Einstein could have added a third element in endless supply that is a close cousin of the second: the bottomless pit of artist celebrities who feel anointed because of their success or ego to lead foreign affairs debates.

Roger Waters, the bassist and a lyricist for Pink Floyd, one of rocks’ greatest acts, is a high-profile poster child for Boycott, Divestment and Sanctions (BDS) against Israel, an organization embraced by the European and American left that advocates boycotting Israeli academics, culture, businesses and institutions.

BDS calls the Israeli government as an “apartheid regime.” Far from the mainstream of political thought, the organization doesn’t support a two-state solution with the Palestinians. Its leaders have no time for condemnation of Muslim nations with their gulags and police state apparatus. BDS is bent on Israel not existing as a Jewish state, if at all.

Perhaps Mr. Waters is unaware of the not-so-hidden agenda of the organization and its adherents. After all, it’s been a while since he penned the song “Sheep” in which he sings of people who won’t or can’t think for themselves.

“What do you get for pretending the danger’s not real/

Meek and obedient you follow the leader,” he sings.

And follow the leader is what Mr. Waters has done. He made news when in an open letter in August when he used his pop artist’s platform for renewing BDS’s call on musicians everywhere to boycott Israel.

“Please join me and all our brothers and sisters in global civil society in proclaiming our rejection of Apartheid in Israel and occupied Palestine, by pledging not to perform or exhibit in Israel or accept any award or funding from any institution linked to the government of Israel, until such time as Israel complies with international law and universal principles of human rights,” Waters wrote.

“Occupied Palestine” is longstanding code for the land between the Jordan River and the Mediterranean Sea, in other words, the state of Israel. Even if Mr. Waters didn’t realize what he was saying, his bedfellows certainly did catch its true meaning.

Mr. Waters drew a harsh rebuke from Abe Foxman, National Director of the Anti-Defamation League.

“Your single-minded obsession with trying to convince others to boycott the Jewish state, while ignoring the world’s true human rights violators, must be driven by something other than a guilty conscience,” Foxman wrote.

“Anti-Semitism” as a charge must be judiciously invoked, if for no other reason than it devalues those actual instances. But Mr. Foxman might be on to something.

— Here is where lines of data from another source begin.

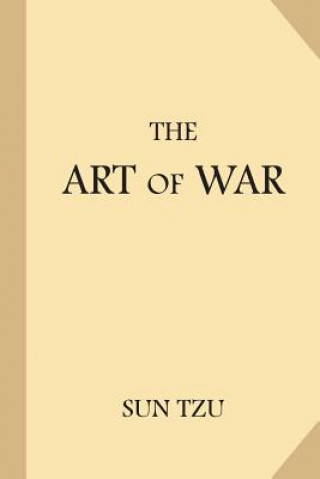 The Art of War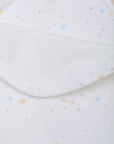 Jersey Blanket - Twinkle Stars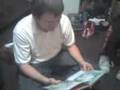 story-time-with-adam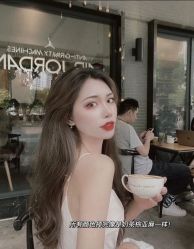 -YDO SALON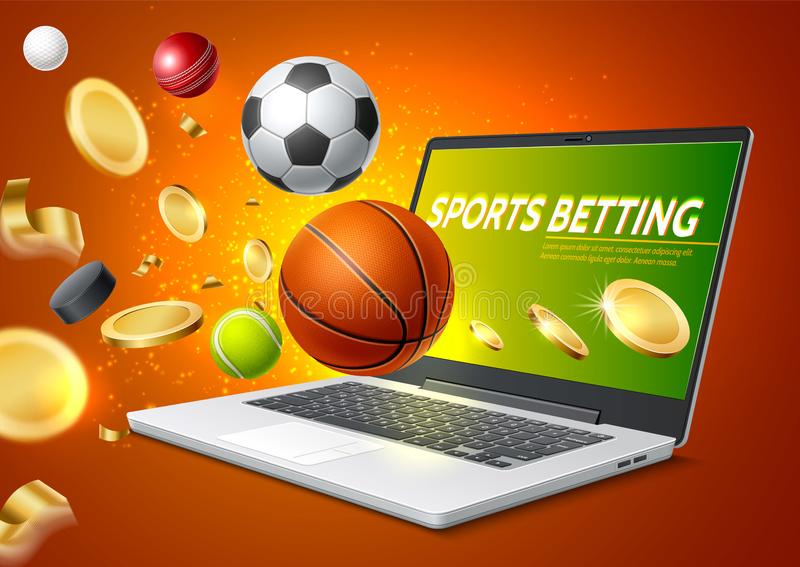 How to Win in BetMexico Tips and Strategies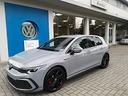 volkswagen-golf-gti-2-0-tsi-dsg-fari-matrix
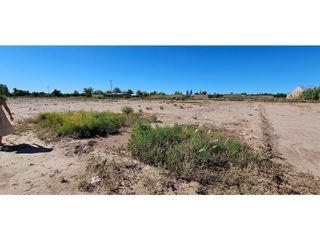 Foto 4 de VENTA · TERRENO · BARRIO CERRADO · R. DEL MEDIO ·  MAIPU· MZA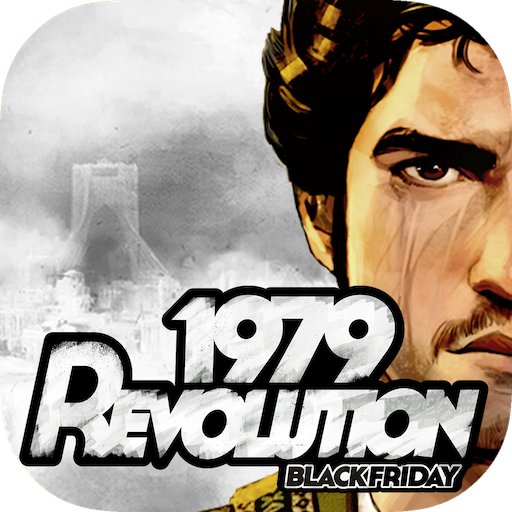 1979 Revolution: Black Friday v1.2.7 APK (Full Version)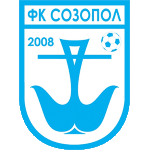 FC Sozopol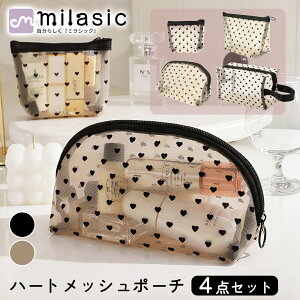 yMILASICz 킢 RX|[` 4_Zbg n[gbV|[` bV |[` n[g 傫   o s  y }`t V[X[ VA[ σ|[` RX 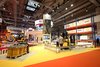 IMHX to increase frequency to every two years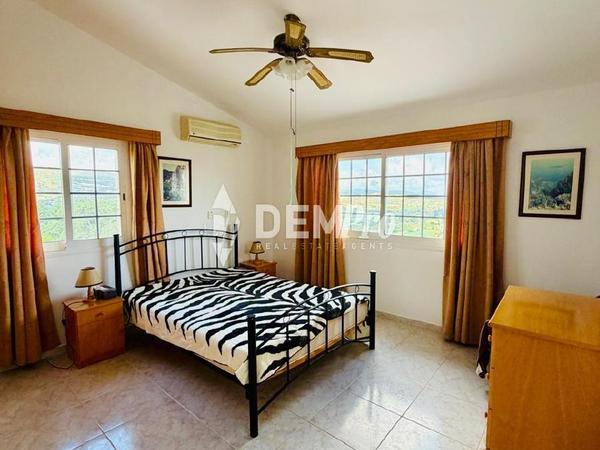 2 bedroom apartment for rent goudi paphos 8698445 image 16238177
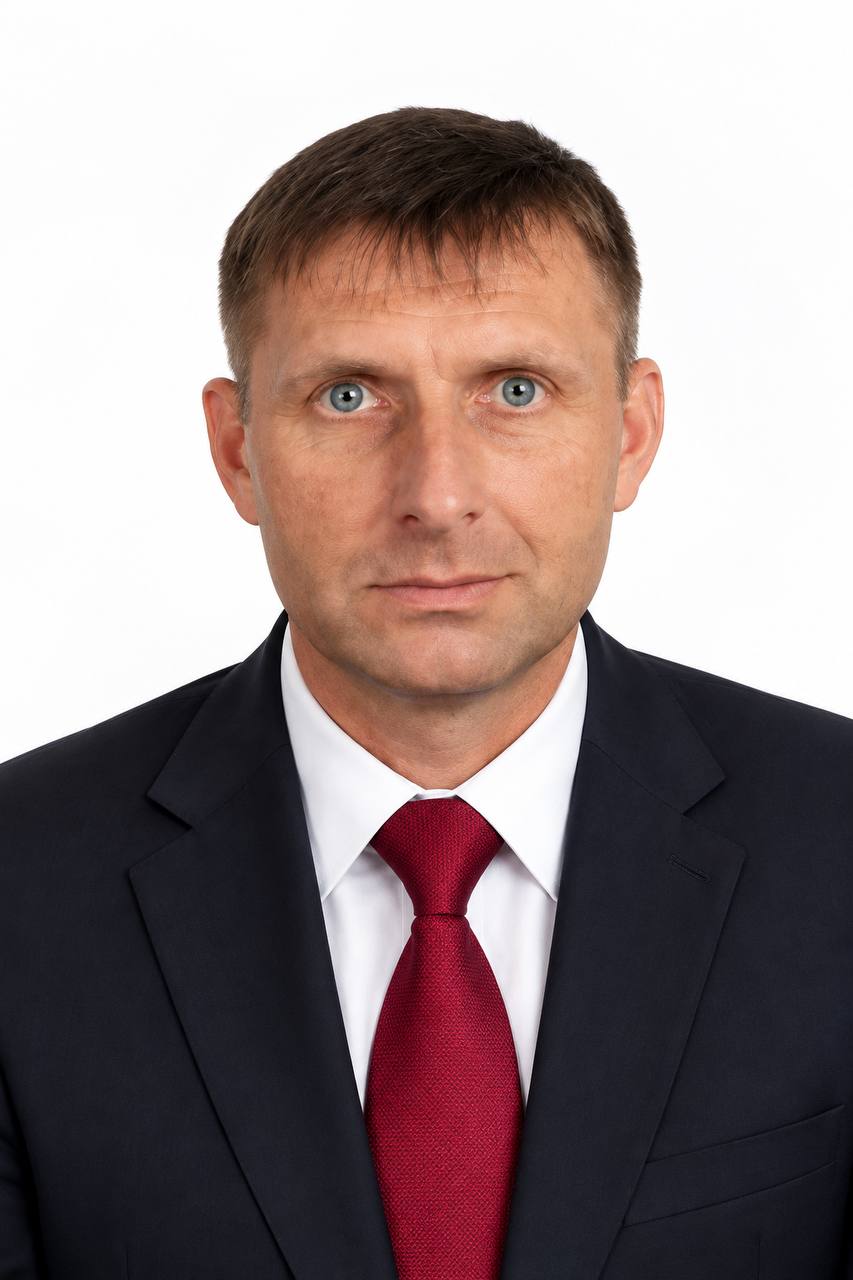 Пащенко Анатолий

China oppresses millions. Russia continues on a czarist trajectory. Despotic Arab and Muslim countries for decades have lacked the rule of law, political plurality, and cage and/or murder dissidents while denying women and minorities equal rights (see Egypt, Syria, Sudan, Saudi Arabia, to name a few). Thousands of Syrians and Egyptians are mowed down in the streets, as Christians throughout the Middle East dwindle through murder and forced emigration under threat by the Muslim majority, as Syria commits war crimes by using chemical weapons against its own people.

Several African nations resort to genocidal behavior with alarming regularity. North Korea starves its population, while Iranian leaders call for the annihilation of Israel.

And yet Roger Waters and his colleagues who promote the boycott single out Israel for isolation. This tin ear to the real world parallels the Orwellian politics of the U.N., in which the U.N. Human Rights Council, the globe’s top watchdog for calling out human rights violations, includes many member states with horrific human rights records.

If Mr. Waters and BDS wanted to make a point about supporting “universal principles of human rights,” they should turn their glare to the Muslim world for starters. If Mr. Waters needs inspiration for doing so, he could turn to a number of powerful Pink Floyd songs he wrote in which singling out hypocrisy is a major theme.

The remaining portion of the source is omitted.